====== Material supplied ======

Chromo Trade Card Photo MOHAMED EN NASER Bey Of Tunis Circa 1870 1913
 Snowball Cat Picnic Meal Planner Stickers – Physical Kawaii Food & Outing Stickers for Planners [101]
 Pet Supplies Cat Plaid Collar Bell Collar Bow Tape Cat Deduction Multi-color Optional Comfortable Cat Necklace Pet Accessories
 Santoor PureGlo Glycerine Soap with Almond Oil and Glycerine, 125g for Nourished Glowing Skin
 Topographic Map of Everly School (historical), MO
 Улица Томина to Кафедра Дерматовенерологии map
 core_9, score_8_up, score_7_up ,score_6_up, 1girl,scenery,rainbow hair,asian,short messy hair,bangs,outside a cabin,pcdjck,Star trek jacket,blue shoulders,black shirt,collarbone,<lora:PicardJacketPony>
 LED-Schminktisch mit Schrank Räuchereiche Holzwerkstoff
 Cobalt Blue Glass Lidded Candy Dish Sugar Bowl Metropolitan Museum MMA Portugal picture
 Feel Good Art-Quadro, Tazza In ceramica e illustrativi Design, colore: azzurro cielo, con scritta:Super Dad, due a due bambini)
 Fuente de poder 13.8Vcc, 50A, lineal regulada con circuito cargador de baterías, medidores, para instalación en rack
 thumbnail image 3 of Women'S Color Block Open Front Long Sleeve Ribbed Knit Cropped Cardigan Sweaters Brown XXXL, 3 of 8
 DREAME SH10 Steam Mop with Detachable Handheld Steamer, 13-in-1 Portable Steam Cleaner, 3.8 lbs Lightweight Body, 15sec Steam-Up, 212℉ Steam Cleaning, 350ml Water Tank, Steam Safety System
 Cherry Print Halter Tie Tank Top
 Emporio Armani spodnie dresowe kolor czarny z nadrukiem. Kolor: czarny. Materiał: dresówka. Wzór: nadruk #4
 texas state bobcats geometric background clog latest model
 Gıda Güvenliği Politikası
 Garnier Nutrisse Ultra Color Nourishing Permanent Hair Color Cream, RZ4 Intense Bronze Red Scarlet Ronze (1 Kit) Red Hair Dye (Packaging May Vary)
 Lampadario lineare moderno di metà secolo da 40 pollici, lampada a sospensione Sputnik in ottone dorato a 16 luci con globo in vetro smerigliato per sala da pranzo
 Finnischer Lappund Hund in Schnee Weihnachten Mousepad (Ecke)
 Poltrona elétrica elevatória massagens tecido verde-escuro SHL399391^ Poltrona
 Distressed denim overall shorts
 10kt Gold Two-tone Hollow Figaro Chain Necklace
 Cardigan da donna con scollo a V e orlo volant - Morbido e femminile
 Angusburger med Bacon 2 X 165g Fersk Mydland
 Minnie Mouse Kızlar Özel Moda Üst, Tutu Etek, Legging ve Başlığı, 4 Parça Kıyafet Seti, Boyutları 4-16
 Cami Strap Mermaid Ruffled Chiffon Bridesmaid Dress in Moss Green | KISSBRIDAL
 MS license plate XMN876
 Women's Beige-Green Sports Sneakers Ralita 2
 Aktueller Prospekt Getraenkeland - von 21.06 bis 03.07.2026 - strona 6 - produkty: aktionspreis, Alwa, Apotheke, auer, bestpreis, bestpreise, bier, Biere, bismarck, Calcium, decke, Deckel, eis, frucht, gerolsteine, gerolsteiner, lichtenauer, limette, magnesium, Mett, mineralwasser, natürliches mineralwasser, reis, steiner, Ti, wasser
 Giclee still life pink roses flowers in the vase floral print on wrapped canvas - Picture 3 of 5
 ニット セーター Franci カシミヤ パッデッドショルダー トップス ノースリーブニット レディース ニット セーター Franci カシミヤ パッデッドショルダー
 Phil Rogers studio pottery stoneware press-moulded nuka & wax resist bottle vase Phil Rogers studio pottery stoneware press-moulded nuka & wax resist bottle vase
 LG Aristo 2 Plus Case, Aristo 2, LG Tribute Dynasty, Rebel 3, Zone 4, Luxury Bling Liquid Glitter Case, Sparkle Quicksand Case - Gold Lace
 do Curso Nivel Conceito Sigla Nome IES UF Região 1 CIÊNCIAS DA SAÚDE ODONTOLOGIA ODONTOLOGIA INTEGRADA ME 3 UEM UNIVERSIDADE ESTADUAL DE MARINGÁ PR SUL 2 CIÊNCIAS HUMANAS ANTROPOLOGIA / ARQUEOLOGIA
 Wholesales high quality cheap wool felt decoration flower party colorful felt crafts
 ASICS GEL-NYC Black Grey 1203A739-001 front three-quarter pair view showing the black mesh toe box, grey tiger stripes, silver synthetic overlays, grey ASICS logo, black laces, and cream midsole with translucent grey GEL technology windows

======

### Task objective
Which lines above run from the one containing "Minnie Mouse Kızlar" to the one containing "Women's Beige-Green Sports Sneakers Ralita 2"? Give them again exactly, both ends included.

### Result of this exercise
 Minnie Mouse Kızlar Özel Moda Üst, Tutu Etek, Legging ve Başlığı, 4 Parça Kıyafet Seti, Boyutları 4-16
 Cami Strap Mermaid Ruffled Chiffon Bridesmaid Dress in Moss Green | KISSBRIDAL
 MS license plate XMN876
 Women's Beige-Green Sports Sneakers Ralita 2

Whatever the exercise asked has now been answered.